Postby Pam » Mon Mar 05, 2007 4:04 pm

Once again, my apologies to those who have been waiting for these posts to appear. :oops:

For the second project, the idea is to select a plant that you would like to bonsai. For those who have little or no experience creating a bonsai but would like to give it a go, this is a great opportunity to benefit from the knowledge and generous help of our more experienced members.

The way it is envisaged this would work is that you would post a pic of your plant, as is, before you do anything to it, probably giving a clear shot of the plant's trunk if possible. Our experienced members would then make suggestions regarding what you could do with the plant, and a bit of an outline on how to go about it.
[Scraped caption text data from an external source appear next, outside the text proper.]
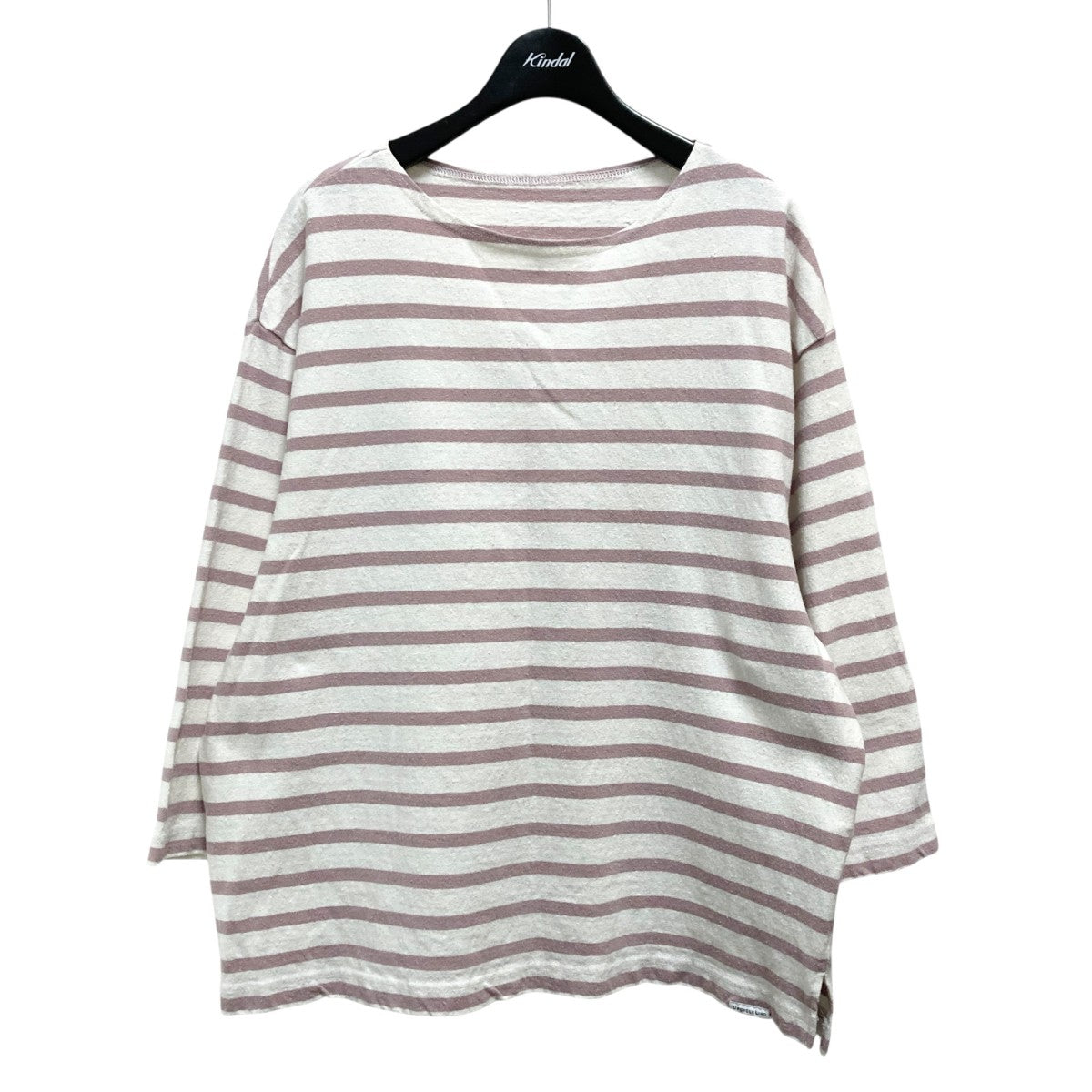 nest Robe UpcycleLino BASIC カベ寄りボーダービッグTシャツネップ加工長袖カットソー600235 7043 古着・中古-1枚目のアイテム画像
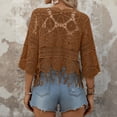 thumbnail image 4 of Women's Plain Fringe Trim Cut out Sheer Cover Up, Boho Scallop Trim 3/4 Sleeve Round Neck Cover up for Vacation, 4 of 5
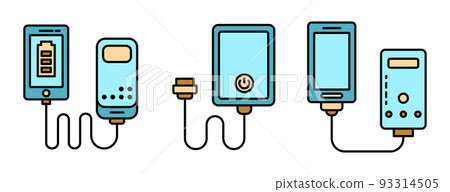 Power bank icons set line color vector 93314505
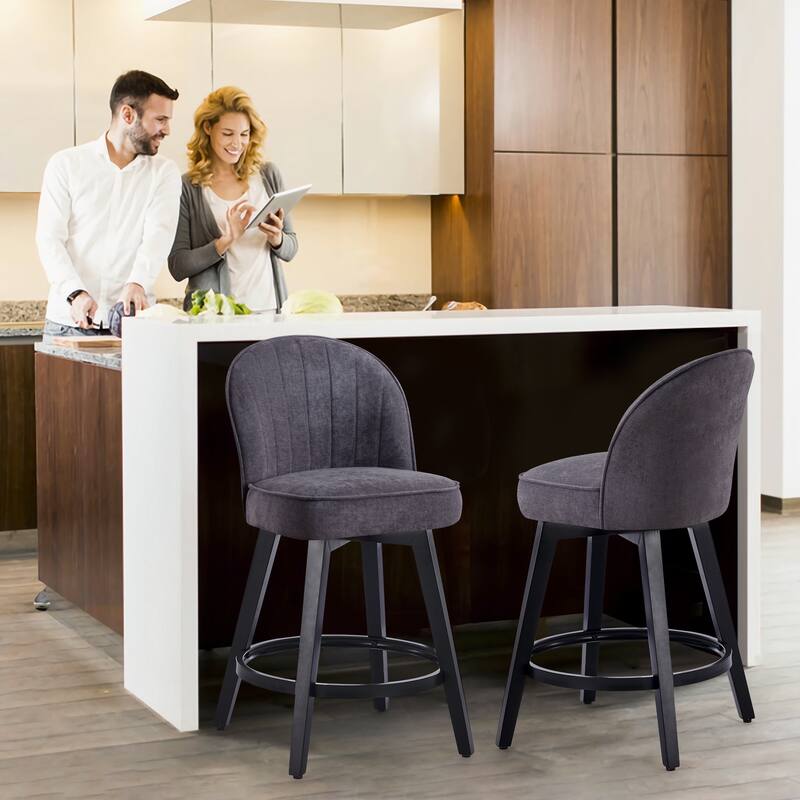HOMYKA Swivel Bar Stool with Wood Legs Set of 2 - N/A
It is your tree, and what you inevitably end up doing with it is basically your decision.

When you are satisfied with what you have done, you would then post another pic if you needed, and you would be talked and guided through the steps of selecting a plant, right through to getting it ready for, and then potted, into a bonsai pot.

Having seen some of the work of some of our bonsai artists here, I can honestly say that I think this is an awesome opportunity, and one that I really wish was available to me in the days when I was first starting out in Bonsai. I'd definitely have ended up with some far less mediocre looking plants than I had at the time.

My suggestion would be for each individual to start their own post, so as to keep things more straightforward for those who are giving their time so generously. Feel free to ask lots of questions - that is how you learn, and hopefully avoid unnecessary mistakes.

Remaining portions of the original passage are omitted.